Sergei gripped the man’s jaw, tried to force it open. ‘Blyad!’

The man thrashed and bucked, then swallowed something. Sergei hit him in the stomach, trying to make him spit it back out, but it was no good. The man’s body relaxed, and hung limp from the cuffs. But he was still breathing, in shallow gasps.

Sergei groped for the keys in his pocket, but Nadia raised her pistol and fired at the chain between the man’s cuffs. The prisoner slumped to the floor, Sergei breaking his fall.

Sergei spoke to the prisoner again. ‘What did you mean we’re going to join you?’

The man simply stared into space.

She glanced at Sergei. ‘Cyanide?’

He shook his head. ‘TTX.’

She knew it, the deadly toxin from the blue-ringed octopus. ‘It’ll block his ability to breathe.’

‘I know what it does, Nadia.’ Sergei faced her. He spoke quickly. ‘There’s one warhead missing. And he must have set some kind of device to sabotage the sub, blow it up or take it over the ledge.’

‘He’s not going to tell us where it is.’ She knelt next to the prisoner. ‘You said you knew my father. When he was working with the military?’

His body had grown still. Paralysis was setting in. His diaphragm would stop working, and he’d suffocate. But his eyes turned to hers, his speech slurred. ‘After,’ he said. ‘Eight…years ago.’

That couldn’t be right. Her father died eleven years ago. His face took on a blue tinge.

‘Where?’ She thought about mouth-to-mouth to keep him alive, but the toxin…

He stared at her intently. ‘Eyes…like his.’ He tried to breathe in, but couldn’t. ‘T…ch.’ His body trembled once, then his eyes glazed, and the air came out of him in a long sigh, like a deflating balloon.

‘He was the one who killed two of my men, despite the gas,’ Sergei said. ‘We need to find the case. It’s ten to midnight. My guess is there’s a device set to blow the sub at midnight.’

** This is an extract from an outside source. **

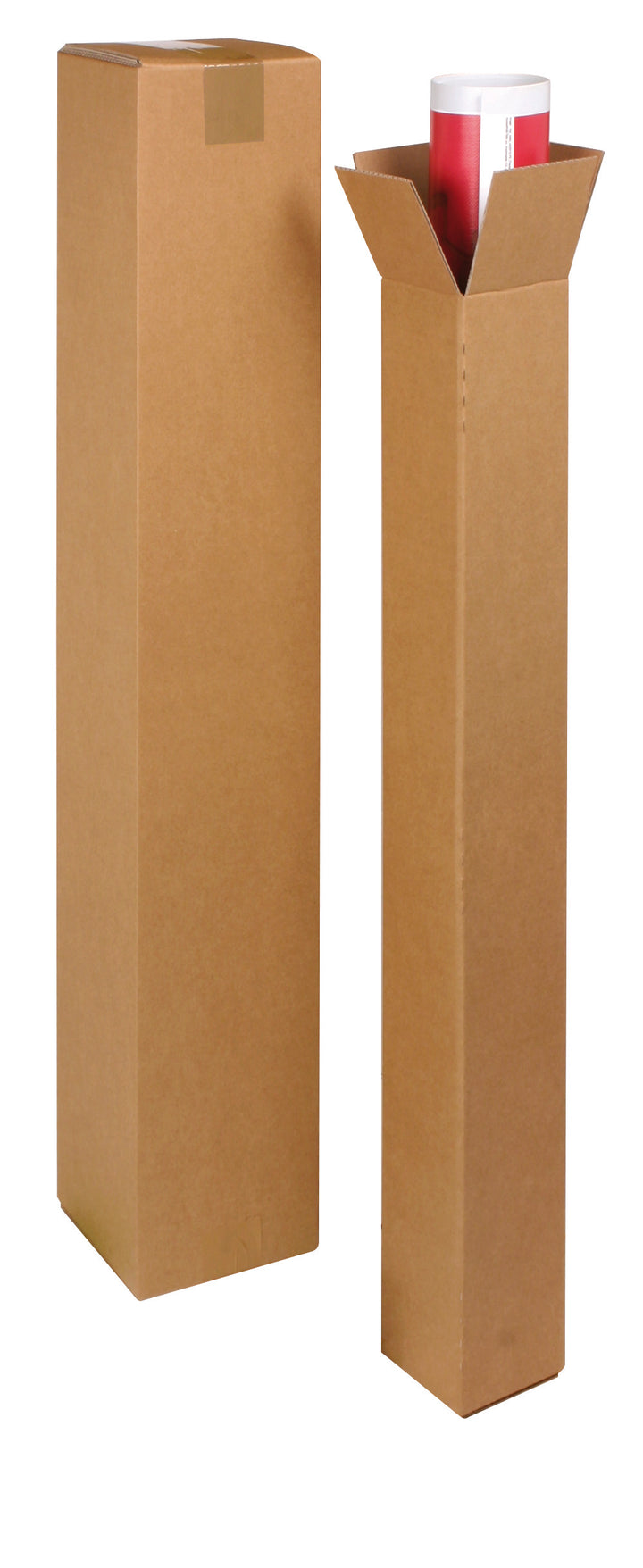 Tube carton carré 10x10x120 cm - expédition sans surtaxe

‘Wait, slow down. Case? What case?’

Sergei wasn’t really listening. His eyes darted everywhere, as if searching the compartment. ‘If the warhead is still outside –’

‘It can’t be. What would be the point? It’s gone, somehow. Which is where we need to be.’

He gazed around him again. She understood. This was his sub, his command. And his tomb? Go down with the ship and all that bullshit? Sergei didn’t seem the type.

‘We have to find it, Nadia.’

She grabbed his arm. ‘Sergei, what case? What are you talking about?’

His gaze turned back to her, as if seeing her for the first time. ‘Of course, why would you know?’ He took a breath, and spoke quickly. ‘Each warhead has a series of arming codes, exactly for eventualities like this. Even if you steal a warhead, you can’t arm it. Best you’ll have is a dirty bomb. The arming codes are kept in a reinforced steel case, like a briefcase. Only the Commander and the Executive Officer can access it. And it’s gone.’

‘Do we know if the warhead – or any of the others – have been armed?’